One of my recent "grab a bottle at random" picks was the 2005 Red Diamond Chardonnay from Washington state, $10, 13.5% abv.
Nose of toasted marshmallows, buttered popcorn, just a hint of apricot in the background. Big, buttery mouthfeel with very low acidity, dry and fruity but with an ashy balancing element. Served with an omelet and hash browns after Christmas, sort of a comfort meal around the holiday, where the wine ended up carrying the buttered toast and fruit of a "breakfast for dinner" meal.
I briefly mentioned this wine on Facebook after trying it, and it was funny to read the responses. Some thought it sounded terrible, some thought it sounded delicious. Others just found it interesting. I'll admit that this style surprised me from Washington, and while it's not my favorite Chardonnay profile I do smile when I encounter such a wine. It stands out from the crowd of "Another Boring Chardonnay".

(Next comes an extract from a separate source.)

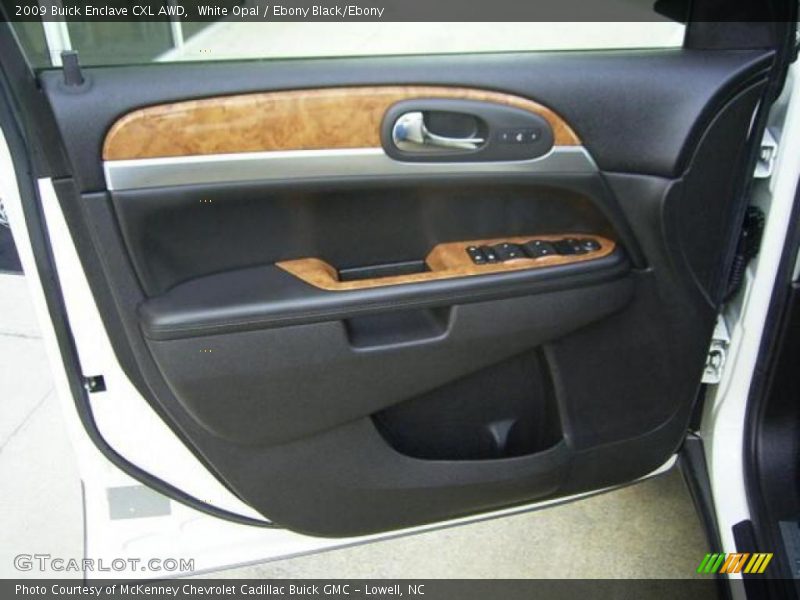White Opal / Ebony Black/Ebony 2009 Buick Enclave CXL AWD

I bring this up not to criticize any of the responses, but rather to illustrate my method of reviewing wines. It should be obvious by now that I don't use scores, stars, or anything like that. Occasionally I'll praise a wine's quality-price ratio, or I'll say something is highly recommended, but mostly I just say, "here's what it smells and tastes like, and here's how it worked with food". In this case I described the wine honestly; if you like toasty/buttery/caramel Chardonnays, then this was a positive review. If you prefer a lighter, more restrained style, then this was a negative review. Take from that what you will.